Other implemented classes
Lock
Simple lock, with similar behavior to RWLock
const {Lock, sleep} = require('readers-writer-lock')
!async function(){
let lock = new Lock()
let task1 = lock.run(async function(){
console.log('run 1 start')
await sleep(1000)
console.log('run 1 end')
})
let task2 = lock.run(async function(){
console.log('run 2 start')
await sleep(1000)
console.log('run 2 end')
})
await Promise.all([task1, task2])
}()
Output:
run 1 start
run 1 end
run 2 start
run 2 end
CombinedLock
When you need multiple locks for a given piece of code, you can combine them using either combine([lock1, lock2, ...])
or new CombinedLock([lock1, lock2, ...])
.
Example:
const {Lock, combine, sleep} = require('readers-writer-lock')
!async function(){
let lock1 = new Lock()
let lock2 = new Lock()
let task1 = lock1.run(async function(){
console.log('lock1 run1 start')
await sleep(1000)
console.log('lock1 run1 end')
})
let task2 = lock2.run(async function(){
console.log('lock2 run1 start')
await sleep(1000)
console.log('lock2 run1 end')
})
let task3 = lock1.run(async function(){
console.log('lock1 run2 start')
await sleep(1000)
console.log('lock1 run2 end')
})
let task4 = combine([lock1, lock2]).run(async function(){
console.log('combined lock run start')
await sleep(1000)
console.log('combined lock run end')
})
await Promise.all([task1, task2, task3, task4])
}()
Output:
lock1 run1 start
lock2 run1 start
lock1 run1 end
lock2 run1 end
lock1 run2 start
lock1 run2 end
combined lock run start
combined lock run end
All created locks are ordered by instantiation order, and the required locks are acquired according to this order. This avoids deadlocks, however it can be suboptimal in some cases:
const {Lock, combine, sleep} = require('readers-writer-lock')
!async function(){
let lock1 = new Lock()
let lock2 = new Lock()
let task1 = lock2.run(async function(){
console.log('lock2 run start')
await sleep(1000)
console.log('lock2 run end')
})
let task2 = combine([lock1, lock2]).run(async function(){
console.log('combined lock run start')
await sleep(1000)
console.log('combined lock run end')
})
let task3 = lock1.run(async function(){
console.log('lock1 run start')
await sleep(1000)
console.log('lock1 run end')
})
await Promise.all([task1, task2, task3])
}()
Output:
lock2 run start
lock2 run end
combined lock run start
combined lock run end
lock1 run start
lock1 run end
The point to see here is that the "lock1 run" could have been finished by the time the "combined lock run" started, however lock1 was locked by the combined lock while it waited for lock2 to unlock.
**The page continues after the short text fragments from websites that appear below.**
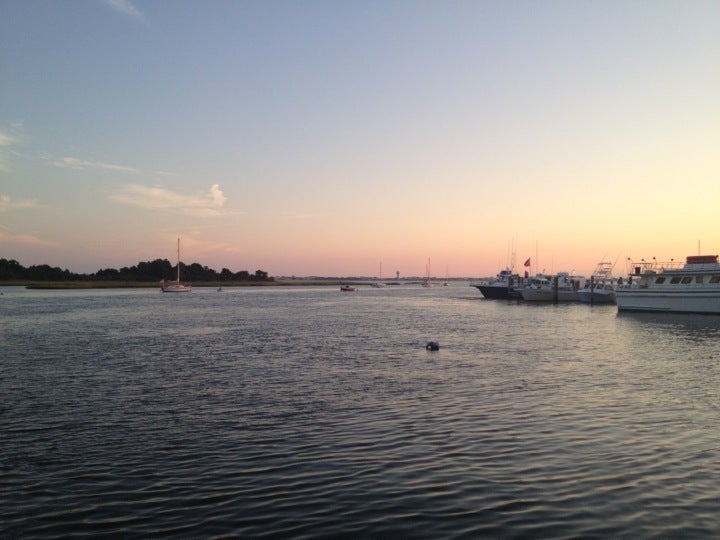 North Carolina Morehead City Captain Bill's photo 3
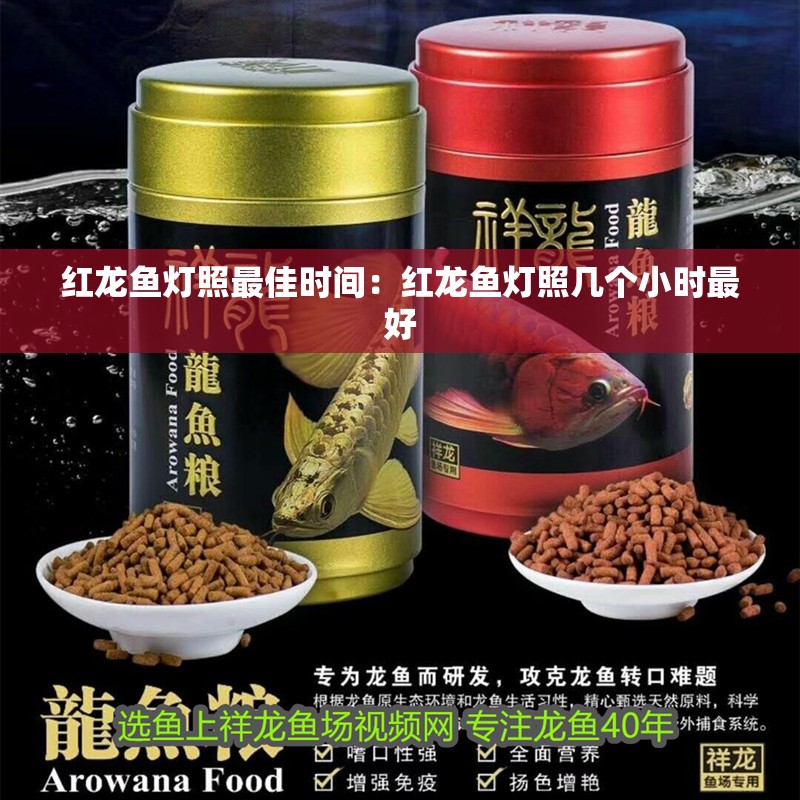 紅龍魚燈照最佳時間：紅龍魚燈照幾個小時最好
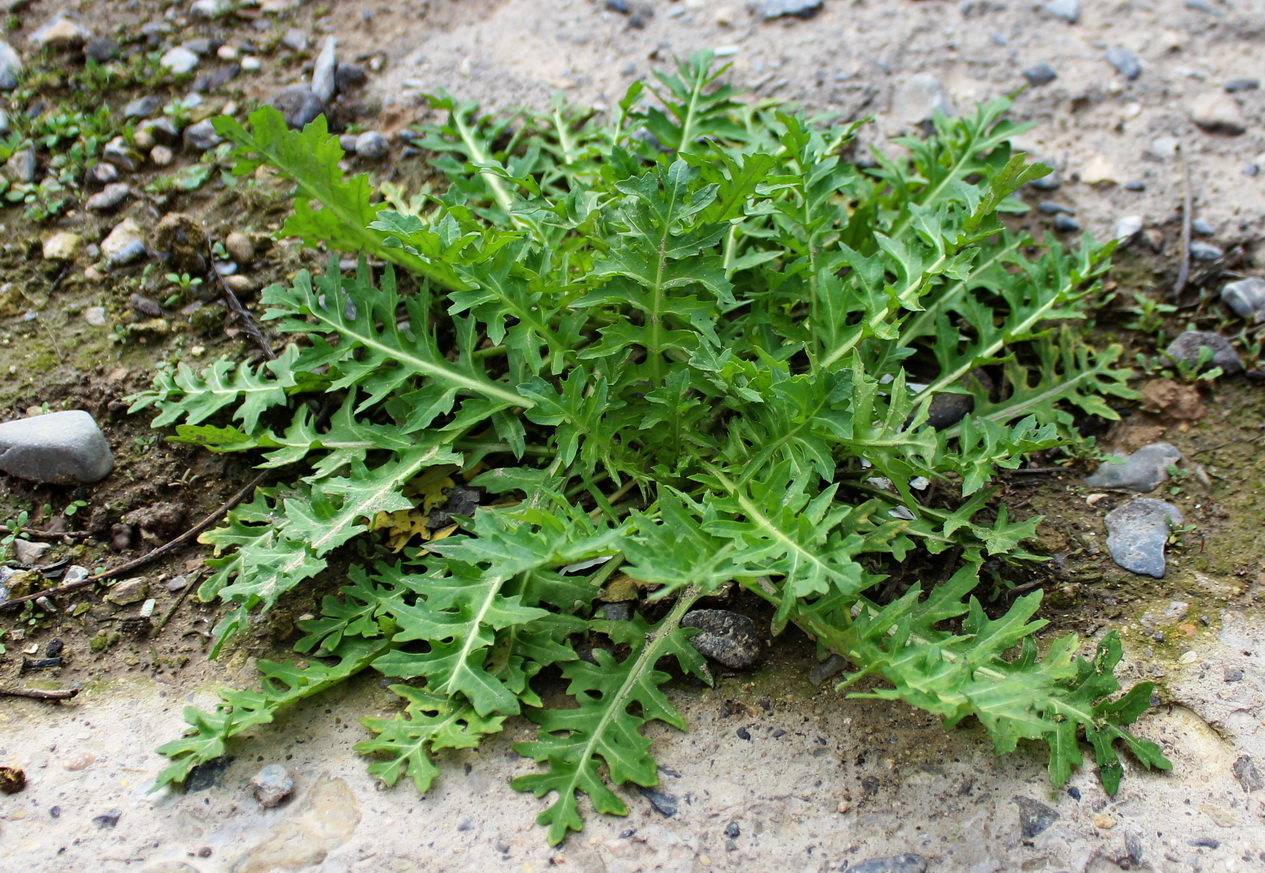 Image of Sisymbrium irio specimen.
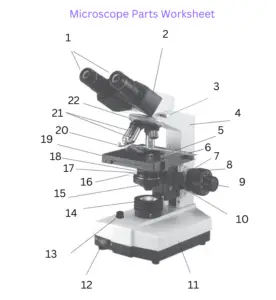 Parts of a Microscope with Their Functions – Microbe Online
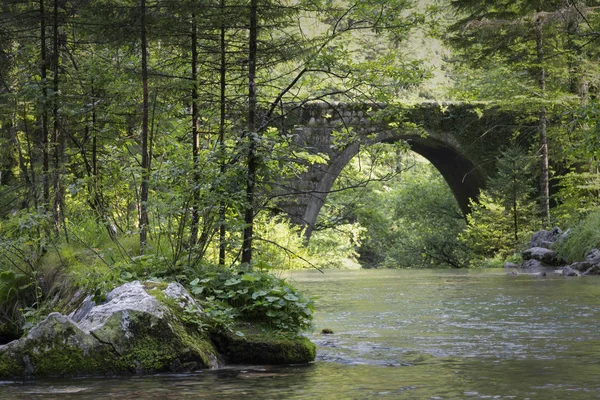 Stenen Brug Bij Kamniska Bistrica Met Groene Natuur — Stockfoto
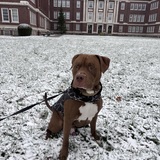 Entry image for Kobe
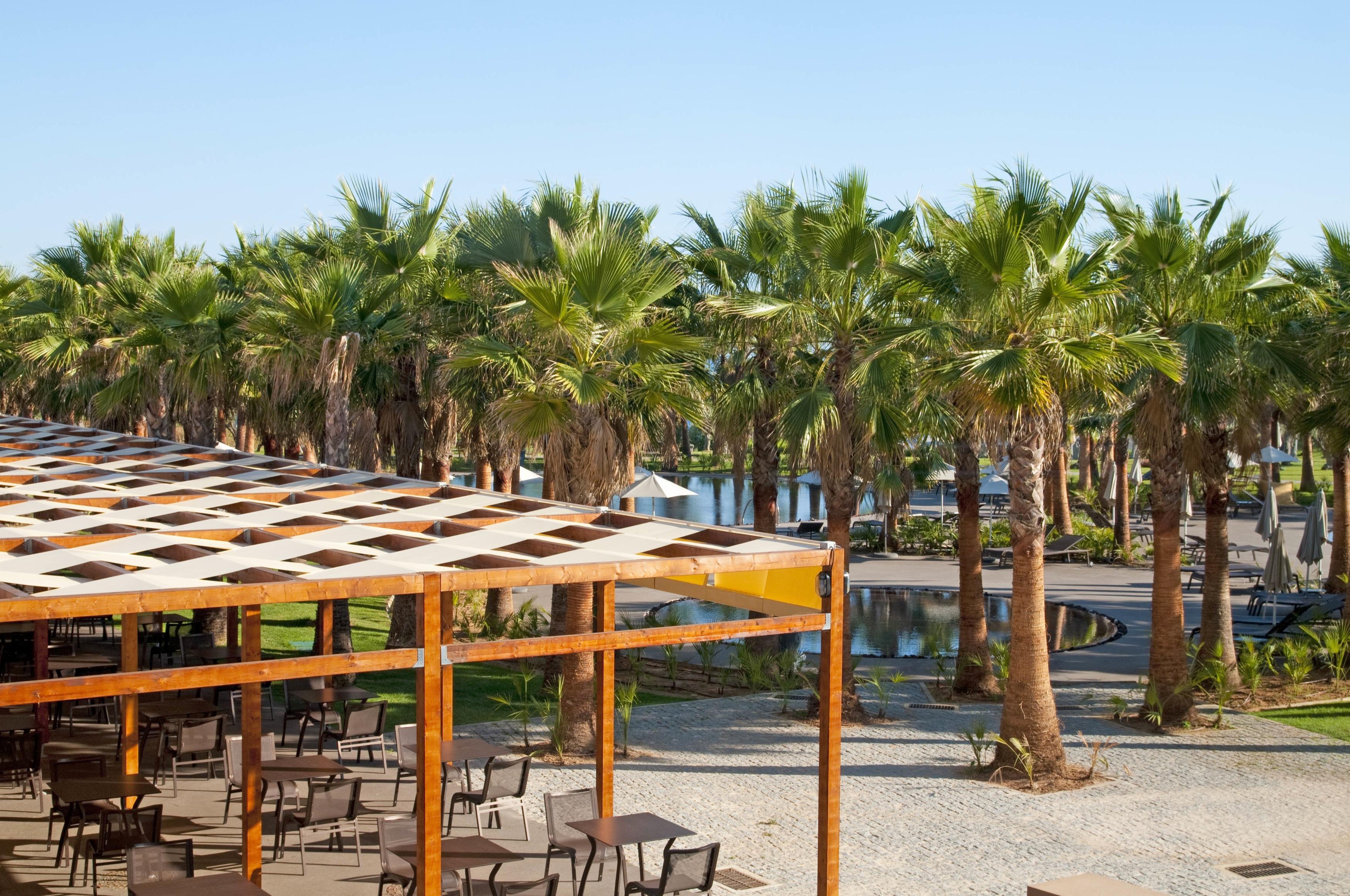 Kimpton Atlantico Algarve By Ihg Hotel Albufeira Ngoại thất bức ảnh Palm trees in the park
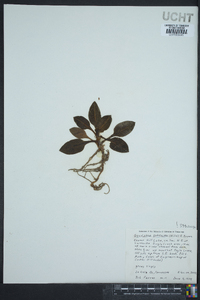 Goodyera pubescens image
If you switch the creation order of the locks, the execution indeed becomes concurrent, because the combined lock tries to lock "lock2" first. Output:
lock2 run start
lock1 run start
lock2 run end
lock1 run end
combined lock run start
combined lock run end
Q&A:
What is this useful for?
As an example, I use it for coordinating multiple rsync processes synchronizing a folder in an event driven application. Multiple outgoing synchronization processes can run concurrently, however when the folder itself is being updated from some remote location, the update needs to happen atomically.
Hasn't this been done before?
Simple async mutexes have been done a lot of times. See for example: lock, lock-queue, lock-key, mutex, mutex-js, mutexify, mutexlight, await-mutex, ts-mutex
Readers-writer locks are also available: async-rwlock, rwlock, rwlock-plus. However, this implementation is a bit simpler and doesn't need the locks to be explicitly released.
Other features?
Other things that could be implemented, but aren't: read-preferring rwlock, lock upgrading and downgrading, locks with timeouts, option to explicitly release lock from the function, other concurrency constructs.